Pictures are not part of the copy. Set down exactly the lines from the one containing "RISEN Full Size" through the last line of the material below.
-*-*-
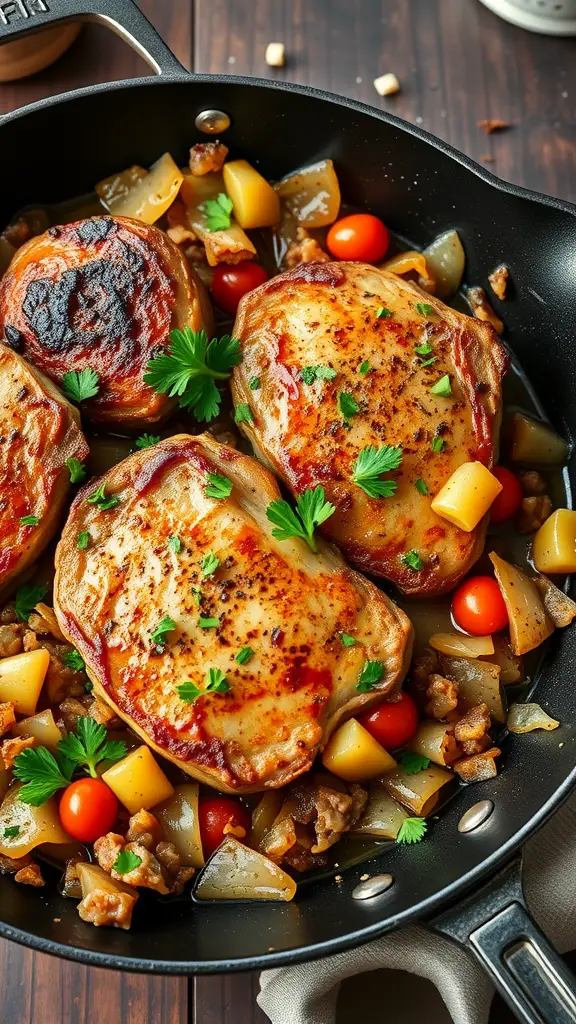 A skillet filled with pork chops, sauerkraut, and colorful vegetables.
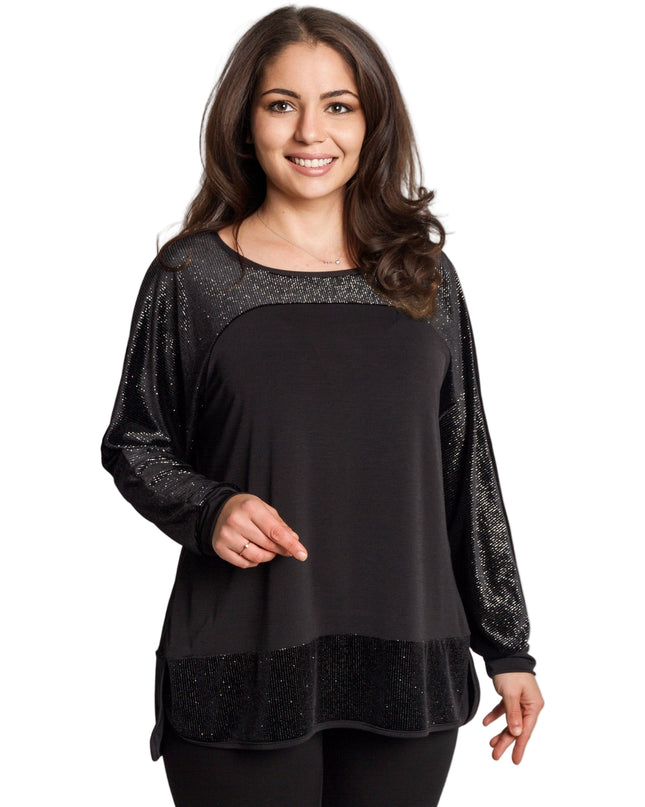 Tunică lejeră în mărimi mari cu accente din piele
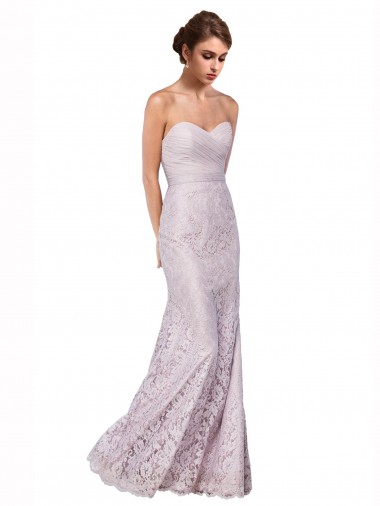 Floor Length Fitted Sweetheart Lace Bridesmaid Dress / Prom Dress for Sale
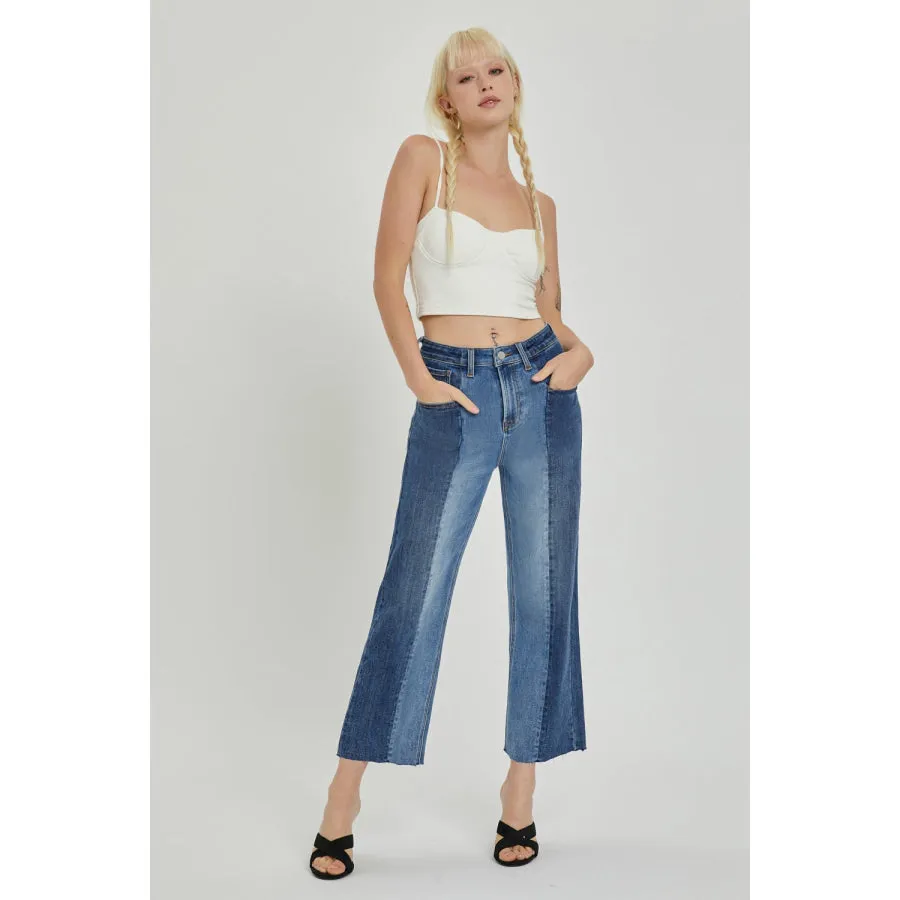 RISEN Full Size Mid-Rise Waist Two-Tones Jeans with Pockets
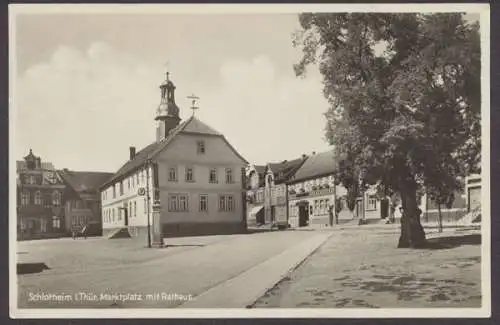 Schlotheim in Thür., Marktplatz mit Rathaus - 410229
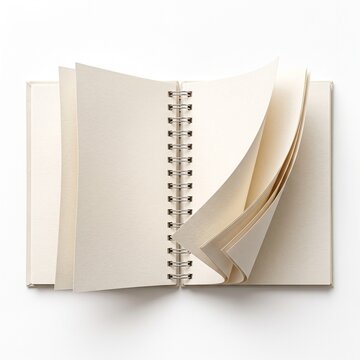 Open Spiral Bound Notebook With Blank Cream Colored Pages And Pages Turning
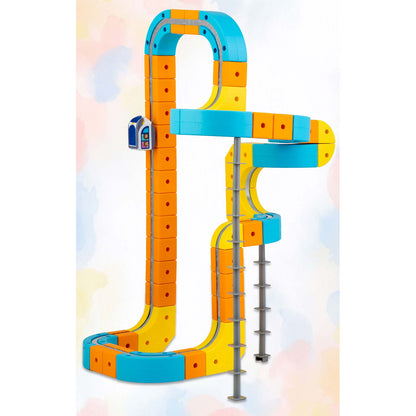 Magnetinis elektrinio traukinuko ir konstruktoriaus rinkinys Ricokids, 134 dalys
-*-*-
Task answer>
 RISEN Full Size Mid-Rise Waist Two-Tones Jeans with Pockets
 Schlotheim in Thür., Marktplatz mit Rathaus - 410229
 Open Spiral Bound Notebook With Blank Cream Colored Pages And Pages Turning
 Magnetinis elektrinio traukinuko ir konstruktoriaus rinkinys Ricokids, 134 dalys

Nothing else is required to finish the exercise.